BEGIN

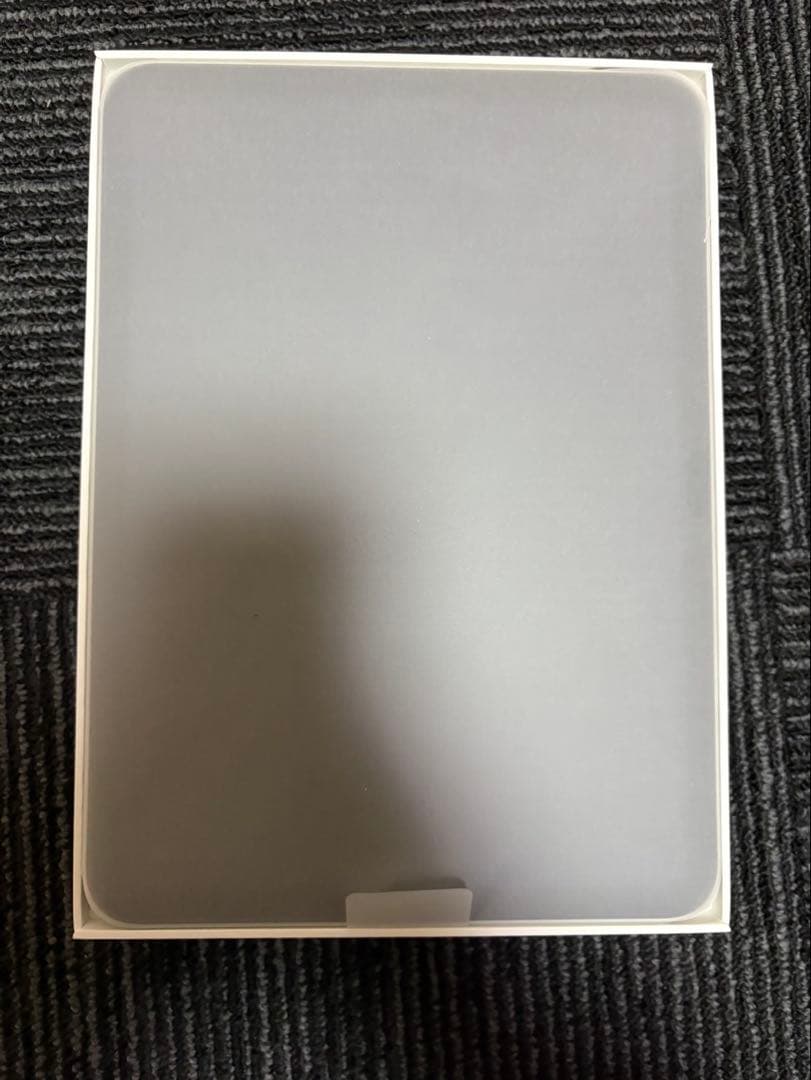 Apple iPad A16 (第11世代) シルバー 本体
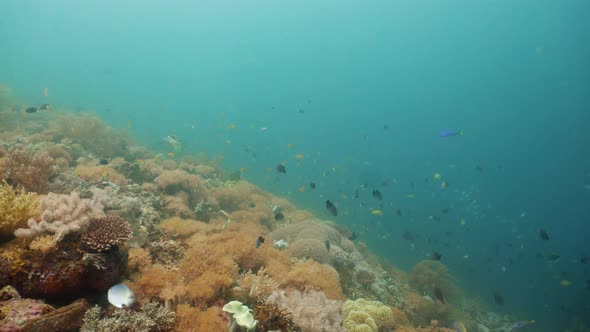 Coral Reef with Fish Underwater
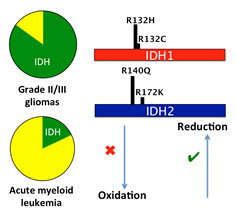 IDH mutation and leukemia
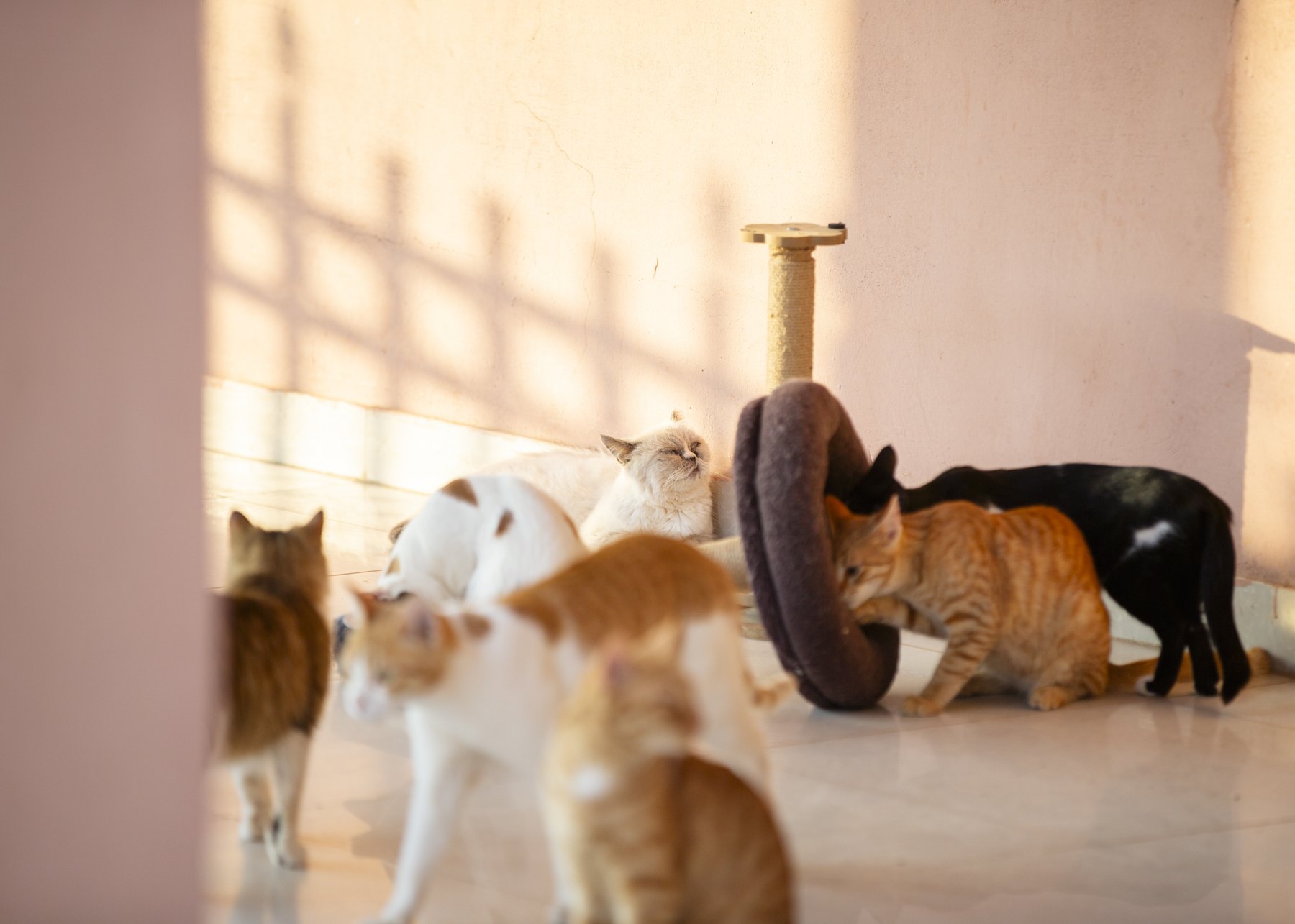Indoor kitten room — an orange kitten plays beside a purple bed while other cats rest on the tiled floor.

END

When you reproduce the data shown above, keep each line exact and omit every picture.

**ANSWER SECTION**
 Apple iPad A16 (第11世代) シルバー 本体
 Coral Reef with Fish Underwater
 IDH mutation and leukemia
Indoor kitten room — an orange kitten plays beside a purple bed while other cats rest on the tiled floor.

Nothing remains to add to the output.